Pamini zy

Troppo spesso, anzi sempre, ci sentiamo ripetere dai nostri politici la teoria dell’indotto. Quando lo Stato spende, sarebbe capace di innestare una catena di transazioni che generano benessere diffuso. Nulla di più errato.

La spiegazione più semplice ed illuminante la scrisse nel 1850 il geniale economista liberista francese Frédéric Bastiat in un piccolo libro intitolato Ce qu’on voit et ce qu’on ne voit pas, contenente ben dodici parabole dove solo in apparenza vi era un aumento di benessere. Il primo esempio, e più famoso, è la parabola de La vitre cassée.

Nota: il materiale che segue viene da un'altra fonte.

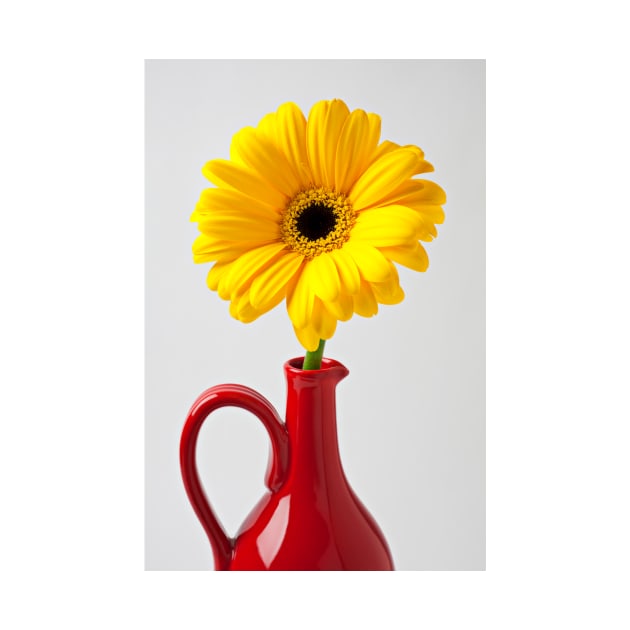 Yellow Mum In Red Vase by photogarry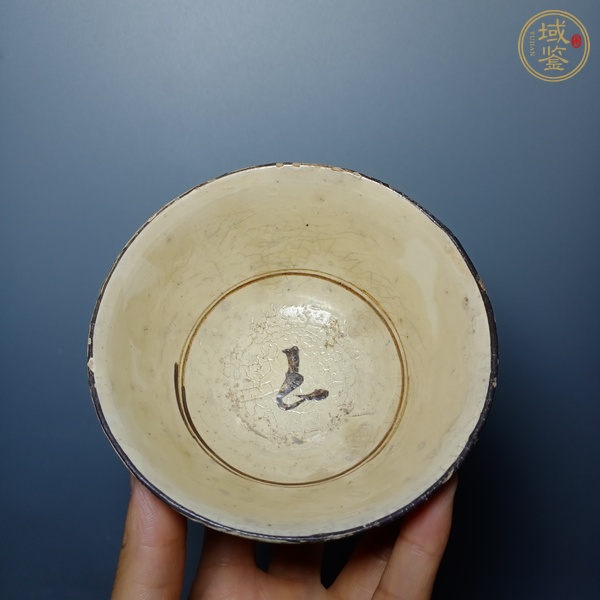 古玩陶瓷磁州窯白地黑花茶碗真品鑒賞圖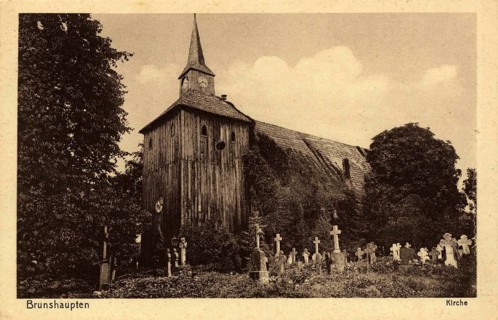 Historic postcard around 1900, Baltic resort Brunshaupten i.M., church, historic place on the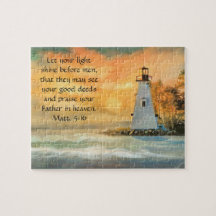 Christian Bible Verse Lighthouse Light Shine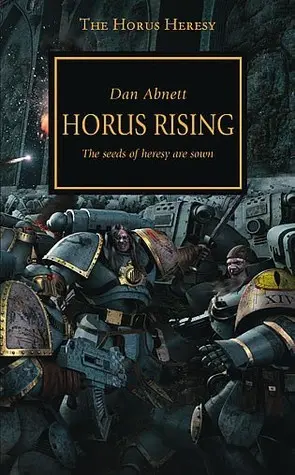 The book cover for 'Horus Rising' by 'Dan Abnett
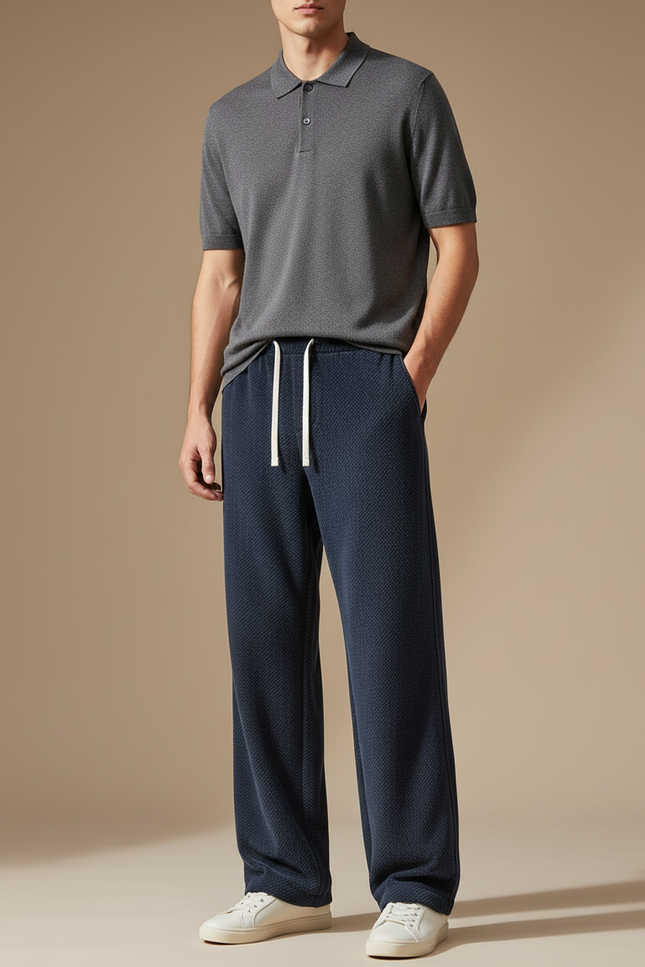 Pantalon Velours Bleu Marine Ample Cordon Homme - Maille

Mentre gioca (magari a pallone sognandosi già ai mondiali brasiliani?), il figlioletto di Jacques Bonhomme rompe la finestra di casa. Bonhomme va su tutte le furie, perché dovrà spendere ben 1’000 fr per sostituirla. Tuttavia, il suo vicino di casa, un noto economista keynesiano, gli dice di vedere l’aspetto positivo della cosa: prima di tutto il vetraio benedirà il discolo che gli ha dato del nuovo lavoro, ma poi il vetraio spenderà a sua volta i 1’000 fr, per esempio comprandosi scarpe e vestiti nuovi, il calzolaio potrà così a sua volta spendere, per esempio comprando dei fiori per sua moglie, il fiorista poi comprerà una bistecca, il macellaio un libro, il libraio una birra, ecc. Nel complesso pertanto, spiega abilmente il vicino di Bonhomme, la disgrazia della vitre cassée mette in realtà in moto un circolo economico virtuoso, il cosiddetto indotto per l’appunto. Questo è quanto si vede.

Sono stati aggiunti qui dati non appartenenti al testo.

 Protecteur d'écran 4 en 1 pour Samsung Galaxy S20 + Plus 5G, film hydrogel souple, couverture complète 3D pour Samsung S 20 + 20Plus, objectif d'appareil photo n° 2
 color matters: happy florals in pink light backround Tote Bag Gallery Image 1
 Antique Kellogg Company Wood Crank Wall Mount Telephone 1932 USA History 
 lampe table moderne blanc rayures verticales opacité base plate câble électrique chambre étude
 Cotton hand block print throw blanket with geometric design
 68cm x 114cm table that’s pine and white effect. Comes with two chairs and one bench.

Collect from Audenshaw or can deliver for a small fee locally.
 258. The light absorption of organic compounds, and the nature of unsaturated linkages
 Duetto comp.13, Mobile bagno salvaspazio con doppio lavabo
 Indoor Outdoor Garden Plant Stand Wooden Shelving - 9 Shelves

Tuttavia, è pure vero che se il figlioletto non avesse rotto la finestra, Bonhomme avrebbe potuto spendere altrove i suoi 1’000 fr, per esempio comprando un mobile, parimenti innescando un indotto simile a quello precedente, semplicemente altrove. Anche qualora Bonhomme avesse risparmiato i suoi 1’000 fr, essi sarebbero stati prestati contro interesse a qualcuno che ne aveva bisogno per investimenti, pertanto pure innescando un indotto. Questo è quanto non si vede.

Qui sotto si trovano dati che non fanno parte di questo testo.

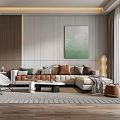 Elegant Modern Living Room Interior With Sectional Sofa Throw Pillows Area Rug And Green Painting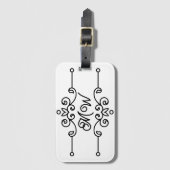 シンプルクエレガントラスのフローリッシュモノグラムヴィンテージ ラゲッジタグ (正面縦)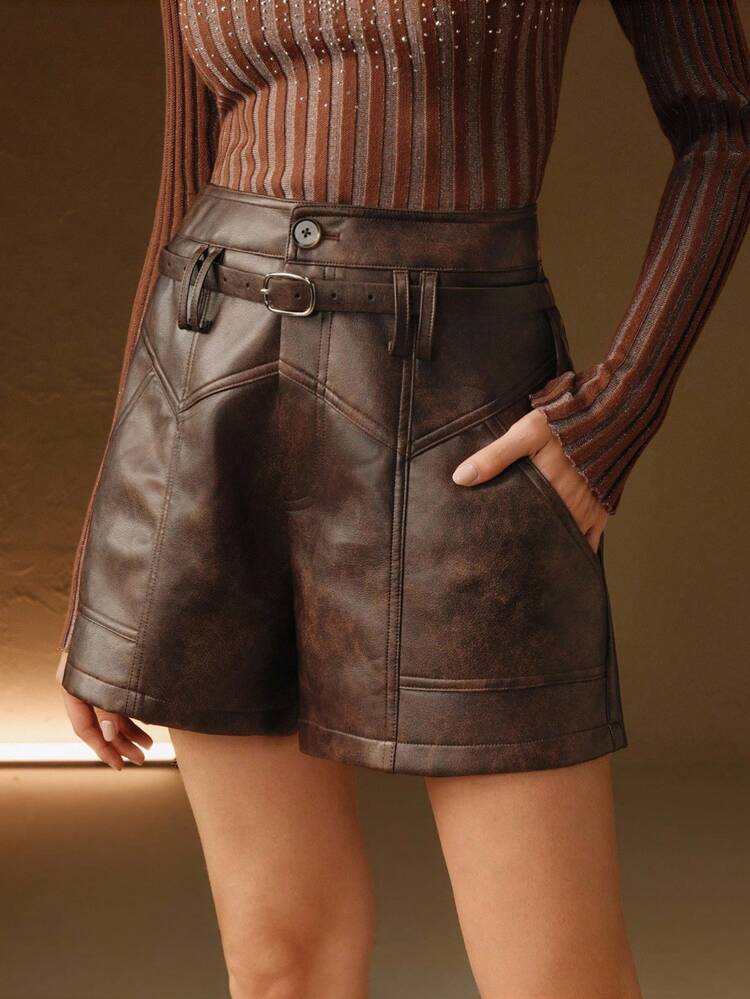 Women's Autumn/Winter PU Leather Distressed Brown Maillard Quilted Paneled Design Versatile Elegant Romantic Retro Modern Waist Belt Design Shorts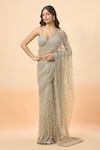 Seema Gujral_Grey Embroidered Sequins Sweetheart Saree With Blouse _Online_at_Aza_Fashions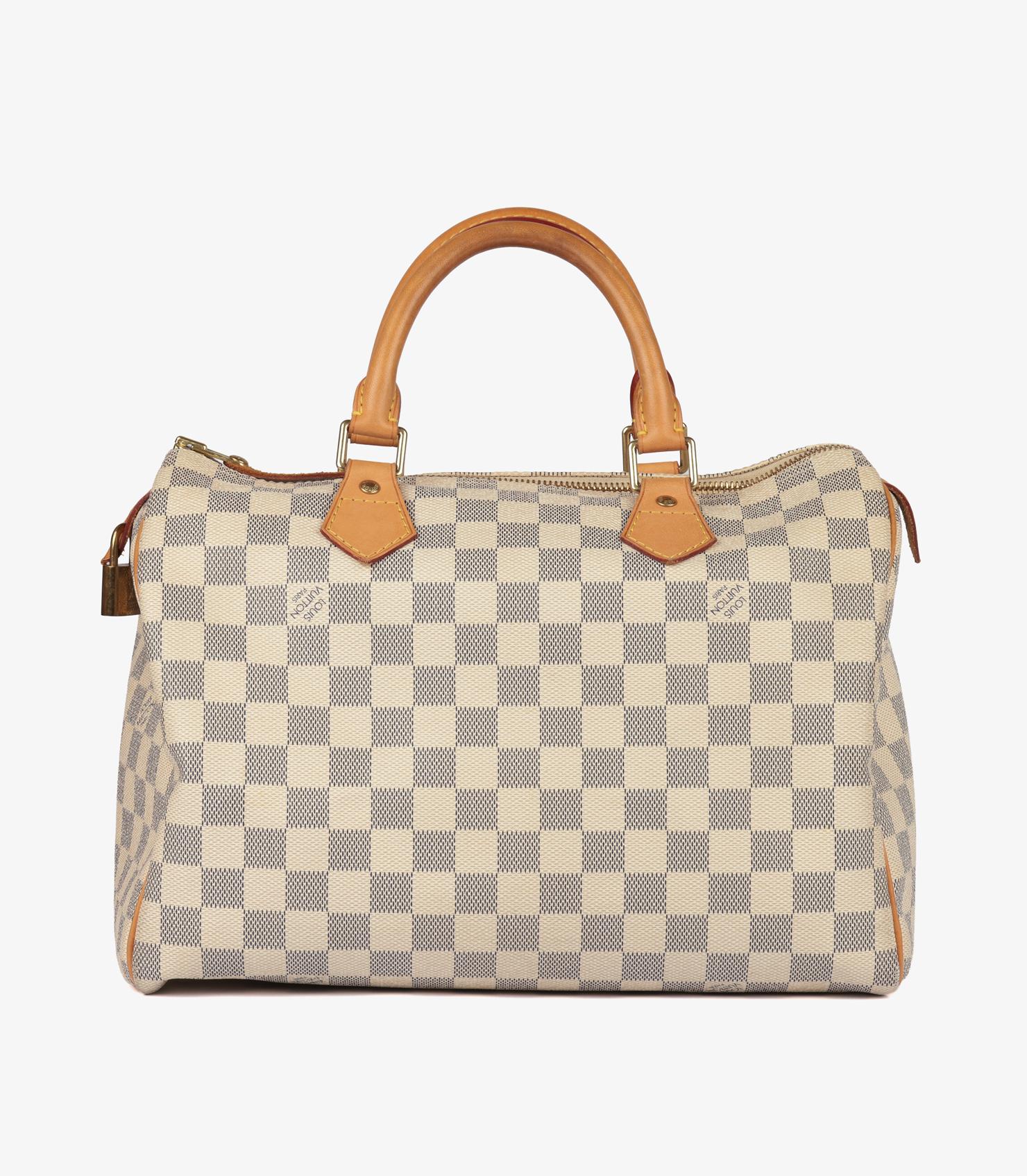 Femenino o masculino Louis Vuitton Damier Azur Coated Canvas & Vachetta Leather Speedy 30 en venta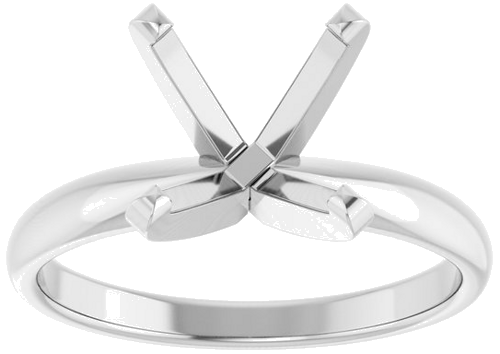 14K White 9.3-9.7 mm Round Solitaire Engagement Ring Mounting (3)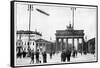 Zeppelin Airship Passing over Brandenburg Gate, Berlin, First World War, 1914-null-Framed Stretched Canvas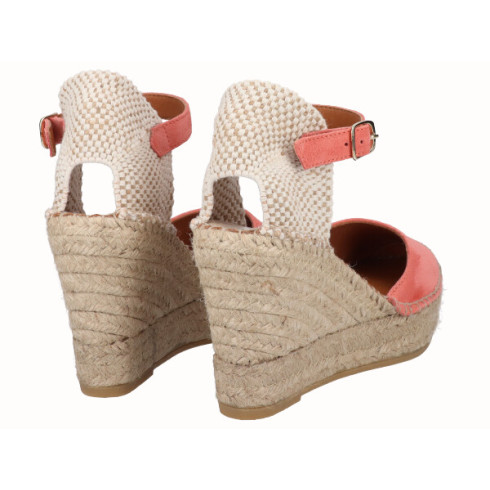 Viguera Alpargata Valenciana Cuña Alta Yute Salmón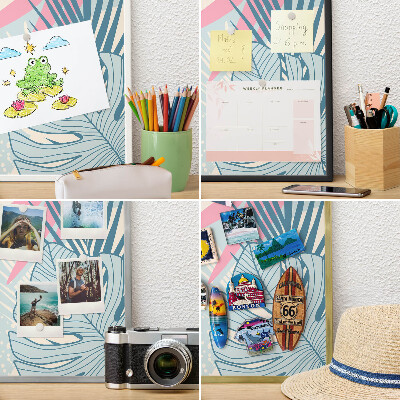 Decoratief metalen magneetbord in een zilveren lijst Tropische abstractie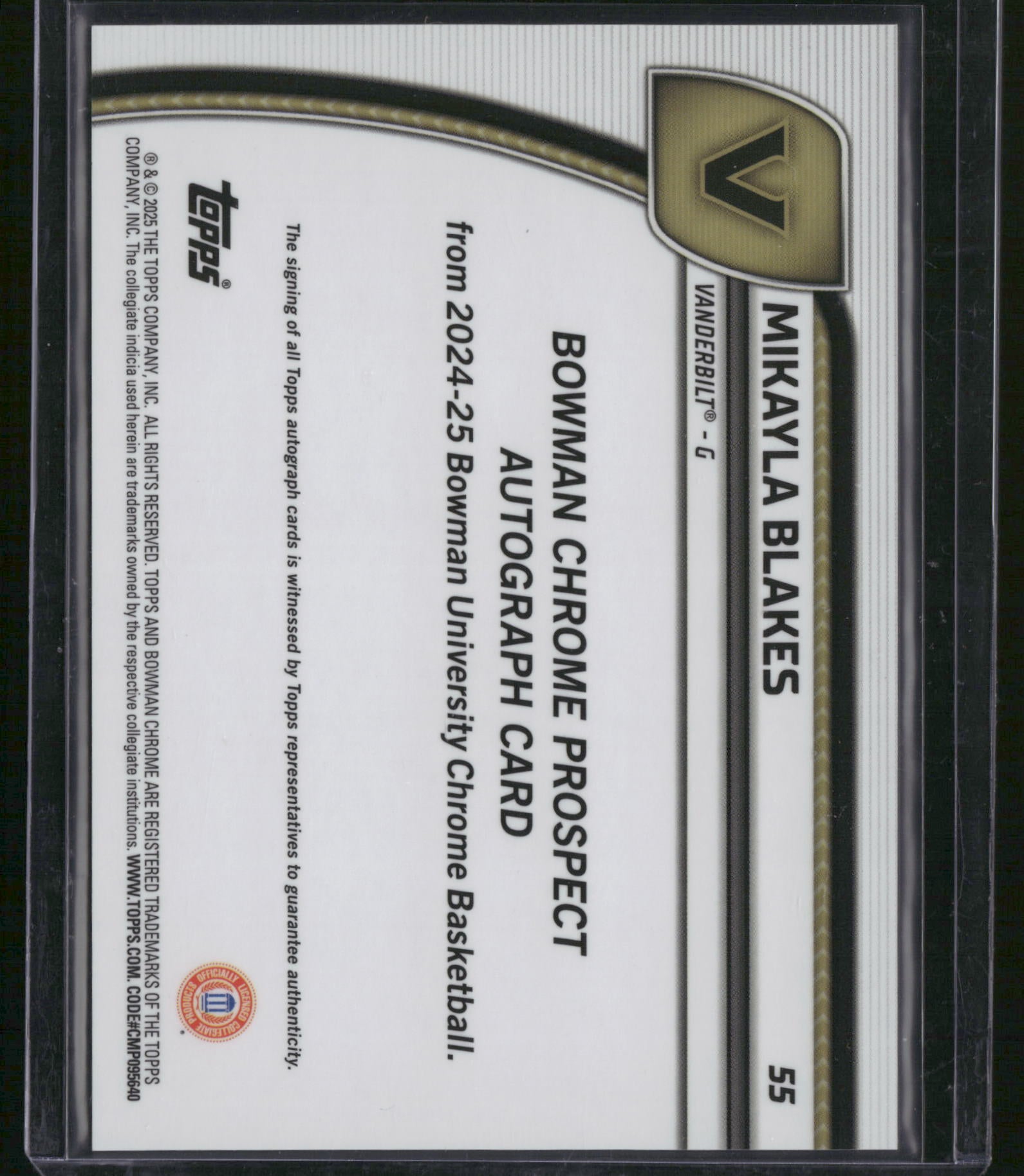 Mikayla Blakes 2024 Topps Bowman U Stealth Auto #55 1st Bowman Vanderbilt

Va da sé che tra i due indotti, il secondo genera necessariamente più benessere, perché non comporta la spesa nei confronti del vetraio, una scelta che Bonhomme non avrebbe preso in assenza dell’incidente. Infatti, solo Bonhomme sa spendere i suoi sudati soldi nel modo che più lo gratifica. Inoltre, rispetto al primo caso, nel secondo abbiamo una finestra intatta e non ci siamo prodigati semplicemente per sostituirla. L’economia è realmente cresciuta nel secondo caso perché è probabile l’accumulo di capitale (alla finestra si aggiunge il mobile di Bonhomme).

Quando ci propongono l’idea che la spesa statale è positiva perché genera un indotto, o peggio ancora che lo sono pure una guerra o un cataclisma perché poi seguono i lavori di ricostruzione, rispondiamo subito “Non è vero! Questo è semplicemente quanto si vede.” Proprio come le guerre o i cataclismi, anche la tassazione distrugge un indotto che non si vede, ma che è necessariamente migliore perché su base volontaria. Perché allora ci si ostina ad aumentare spesa statale e prelievo fiscale, come con il moltiplicatore cantonale introdotto in maggio sotto il nome di freno ai disavanzi? Semplicemente perché il vetraio ed i suoi immediati clienti amano votare il politico che decide di tassare Bonhomme nel quadro di un programma pubblico di sostituzione delle finestre.